In the records that follow, the lines from the one containing "[Polo Ralph Lauren]" to the one containing "2248 Seton Cres, Burlington — 24", inclusive, are to be given again exactly.
Top of Source data
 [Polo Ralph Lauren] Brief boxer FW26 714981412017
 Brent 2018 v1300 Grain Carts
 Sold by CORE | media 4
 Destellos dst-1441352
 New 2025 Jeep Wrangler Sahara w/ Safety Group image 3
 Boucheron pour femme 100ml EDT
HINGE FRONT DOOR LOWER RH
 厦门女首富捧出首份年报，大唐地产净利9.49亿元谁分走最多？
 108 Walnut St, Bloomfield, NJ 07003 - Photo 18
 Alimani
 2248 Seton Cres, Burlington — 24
Bottom of Source data
Top of Source data
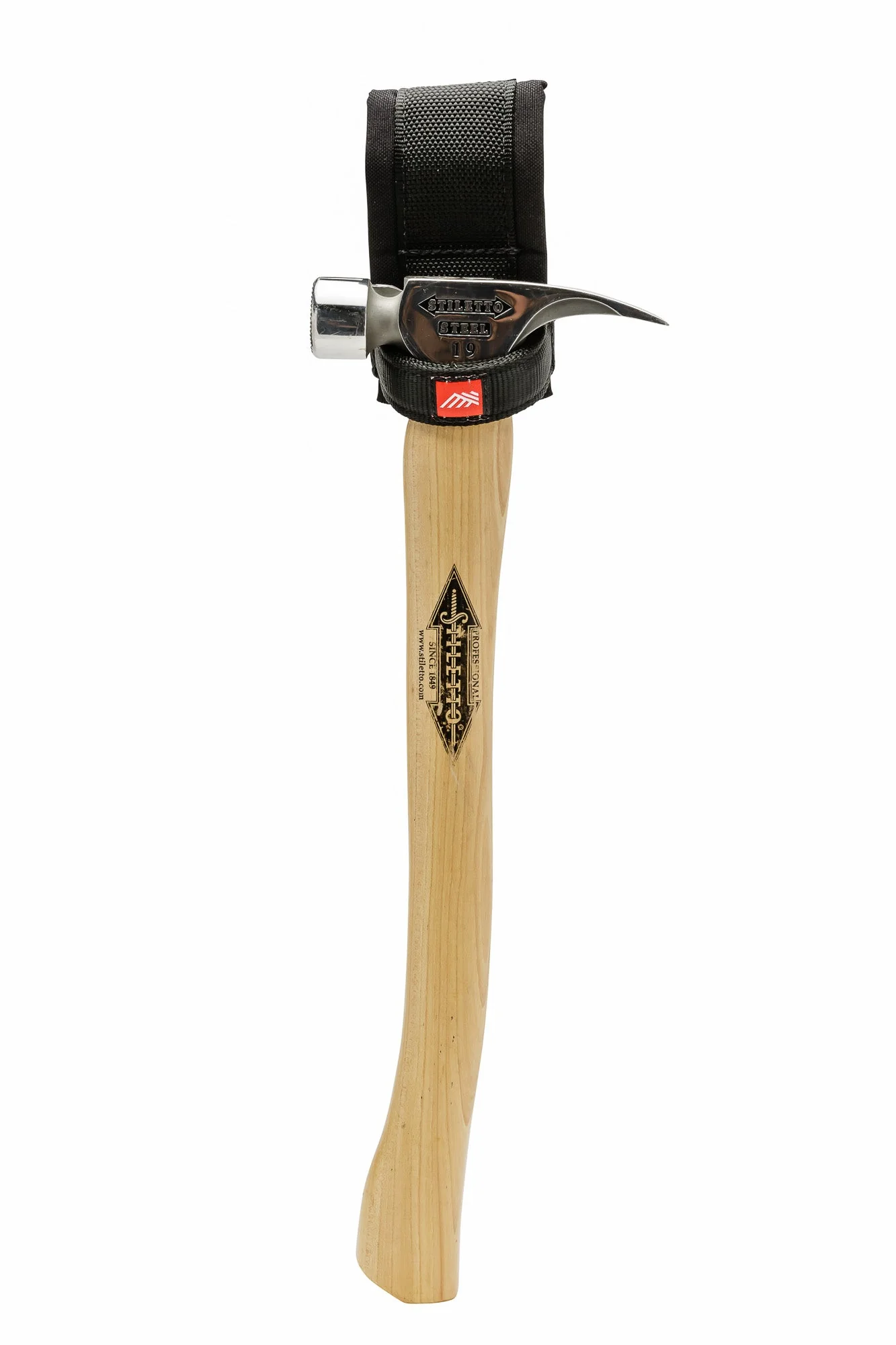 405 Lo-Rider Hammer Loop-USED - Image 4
Bottom of Source data
Top of Source data
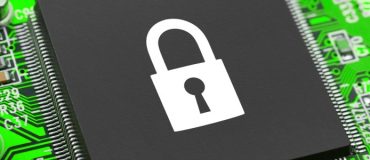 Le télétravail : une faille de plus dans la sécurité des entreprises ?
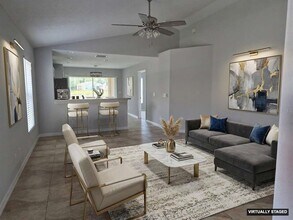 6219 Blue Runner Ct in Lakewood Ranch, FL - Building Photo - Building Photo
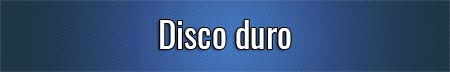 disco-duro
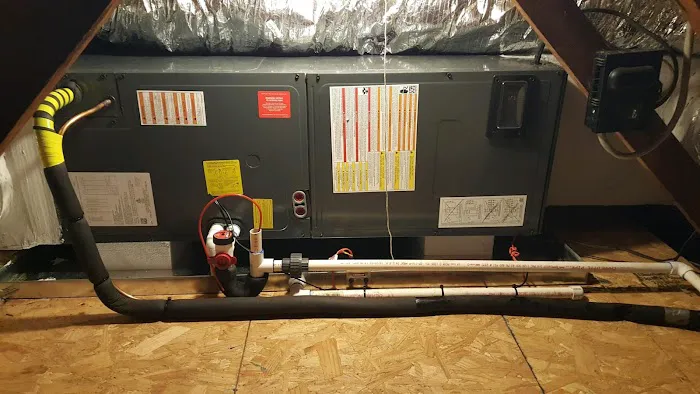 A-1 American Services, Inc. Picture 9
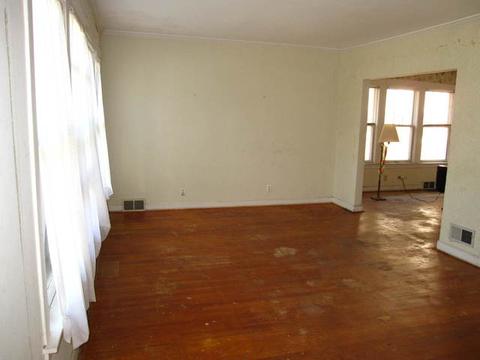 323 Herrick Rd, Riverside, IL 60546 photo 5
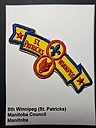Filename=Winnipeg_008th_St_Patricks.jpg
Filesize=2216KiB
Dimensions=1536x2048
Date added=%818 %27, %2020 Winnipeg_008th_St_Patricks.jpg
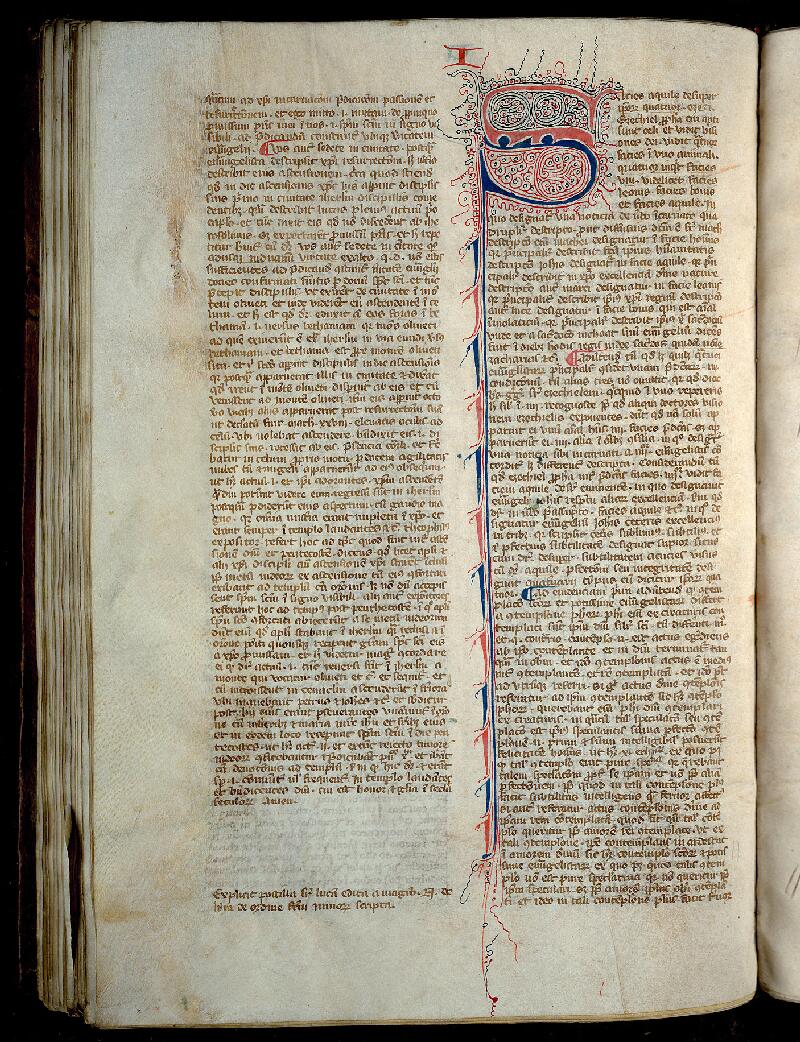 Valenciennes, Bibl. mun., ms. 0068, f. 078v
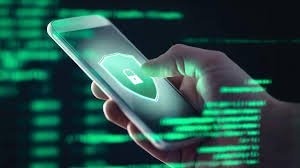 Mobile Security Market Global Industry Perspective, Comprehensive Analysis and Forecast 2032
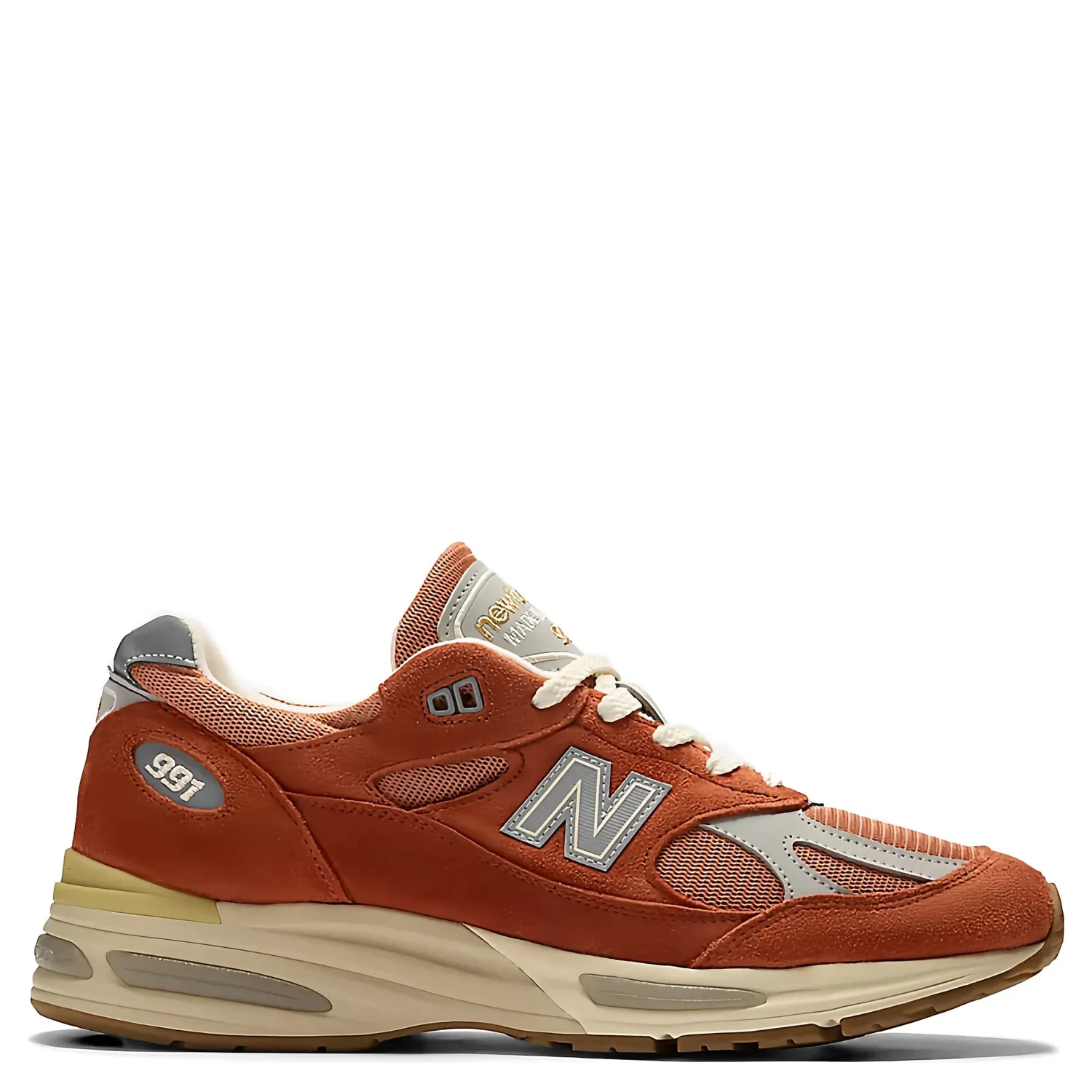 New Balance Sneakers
Bottom of Source data
* **Completed task**
 [Polo Ralph Lauren] Brief boxer FW26 714981412017
 Brent 2018 v1300 Grain Carts
 Sold by CORE | media 4
 Destellos dst-1441352
 New 2025 Jeep Wrangler Sahara w/ Safety Group image 3
 Boucheron pour femme 100ml EDT
HINGE FRONT DOOR LOWER RH
 厦门女首富捧出首份年报，大唐地产净利9.49亿元谁分走最多？
 108 Walnut St, Bloomfield, NJ 07003 - Photo 18
 Alimani
 2248 Seton Cres, Burlington — 24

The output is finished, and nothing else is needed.